Harrison James et Koto Ishihara, en tant que Crake et Oryx, ont donné des performances exceptionnelles dans "MADDADDAM," écrit Michael Crabb.

L’acte 2 s’intitule “Extinctathon”, une référence à un jeu en ligne auquel les copains d’enfance Crake et Jimmy jouent dans la trilogie d’Atwood lorsqu’ils ne regardent pas une chaîne de télévision présentant des exécutions en temps réel. Les conceptions élaborées de costumes de Gareth Pugh pour l’acte I cèdent maintenant la place à un minimum de blanc. Les personnages, transposés de l’acte I, sont identifiés comme “Joueur 1”, “Joueur 2” et ainsi de suite. Au-dessus d’eux pend le cluster architectural d’une ville à l’envers.

Les légendes projetées n’aident pas beaucoup à expliquer précisément ce qui se passe. L’introduction d’un passage parlé de “Burning Questions”, le récent recueil d’essais d’Atwood, est quelque peu brutale. Nous comprenons déjà le point.

L’acte 3, “Dawn”, est le plus percutant sur le plan émotionnel alors que McGregor essaie une nouvelle Genèse potentiellement exempte de conflits et respectueuse de la nature. Les Crakers porteront le flambeau alors qu’ils pleurent les ancêtres.

Comme ailleurs dans “MADDADDAM”, la partition commandée par Max Richter, un mélange homogène d’electronica enregistrée et d’orchestre live, soutient habilement et complète émotionnellement ce à quoi nous assistons, qu’il s’agisse de flirter avec l’EDM dans l’acte II ou de rassembler le son puissant d’un musique de film épique dans l’acte III.

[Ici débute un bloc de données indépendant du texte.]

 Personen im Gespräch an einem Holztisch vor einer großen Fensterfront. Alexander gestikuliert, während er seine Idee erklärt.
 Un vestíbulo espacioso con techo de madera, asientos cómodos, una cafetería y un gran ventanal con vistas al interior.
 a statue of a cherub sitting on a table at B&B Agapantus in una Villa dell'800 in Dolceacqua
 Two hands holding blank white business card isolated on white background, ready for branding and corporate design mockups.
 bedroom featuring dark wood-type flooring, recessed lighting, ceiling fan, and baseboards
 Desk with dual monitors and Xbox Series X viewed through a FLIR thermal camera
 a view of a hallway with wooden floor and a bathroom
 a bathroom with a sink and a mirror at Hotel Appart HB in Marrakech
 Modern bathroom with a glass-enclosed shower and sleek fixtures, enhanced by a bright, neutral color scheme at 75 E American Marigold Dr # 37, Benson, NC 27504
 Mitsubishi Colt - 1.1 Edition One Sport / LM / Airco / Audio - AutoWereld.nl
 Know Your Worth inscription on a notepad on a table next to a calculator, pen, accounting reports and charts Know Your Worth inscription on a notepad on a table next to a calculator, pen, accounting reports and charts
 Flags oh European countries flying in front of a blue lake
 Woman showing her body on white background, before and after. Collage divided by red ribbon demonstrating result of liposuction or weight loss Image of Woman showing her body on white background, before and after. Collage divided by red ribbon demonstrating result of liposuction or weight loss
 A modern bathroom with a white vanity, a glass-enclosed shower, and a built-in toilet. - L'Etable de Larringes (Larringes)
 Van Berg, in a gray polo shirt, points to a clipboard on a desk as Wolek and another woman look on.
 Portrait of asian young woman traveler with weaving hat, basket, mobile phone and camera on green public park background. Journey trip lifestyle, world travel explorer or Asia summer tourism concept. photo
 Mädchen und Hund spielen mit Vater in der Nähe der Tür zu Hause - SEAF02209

Un ballet comme celui-ci prend forcément du temps à s’installer. Dans le monde du théâtre commercial, mercredi soir aurait été une première avant-première. Cela dit, les danseurs du National Ballet ont fait des débuts impressionnants avec des performances exceptionnelles de Harrison James, Siphesihle November, Koto Ishihara et Heather Ogden en tant que personnages traversants Crake, Jimmy, Oryx et Toby respectivement. Chapeau également à ceux qui ont été chargés de la tâche peu enviable de représenter les Pigoons, les seules créatures hybrides à être passées d’Atwood au ballet.

L’invité vedette vénéré de la soirée était apparemment ravi. Deborah Dundas du Toronto Star a rencontré Atwood juste avant l’acte 3 lorsque l’auteur a exprimé sa joie que l’histoire ait été rendue sous forme de jeu vidéo dans l’acte 2.

“La danse est magnifique”, a déclaré Atwood, ajoutant à sa manière ironique. “Je suppose que nous avons un coup sur nos mains.”

Espérons qu’elle ait raison. Si la société espère que “MADDADDAM” deviendra le blockbuster qu’elle mérite d’être, il vaut mieux prier pour que le bouche-à-oreille positif et les approbations des médias sociaux aident à vendre les nombreuses places encore disponibles pour les huit représentations restantes. « MADDADDAM » est exactement le genre d’affirmation audacieuse et imaginative de l’évolution potentielle du ballet classique qui est la plus susceptible de séduire de nouveaux publics et d’assurer la survie de cette forme d’art.

MC

Michael Crabb est un écrivain indépendant qui couvre la danse et l’opéra pour le Star.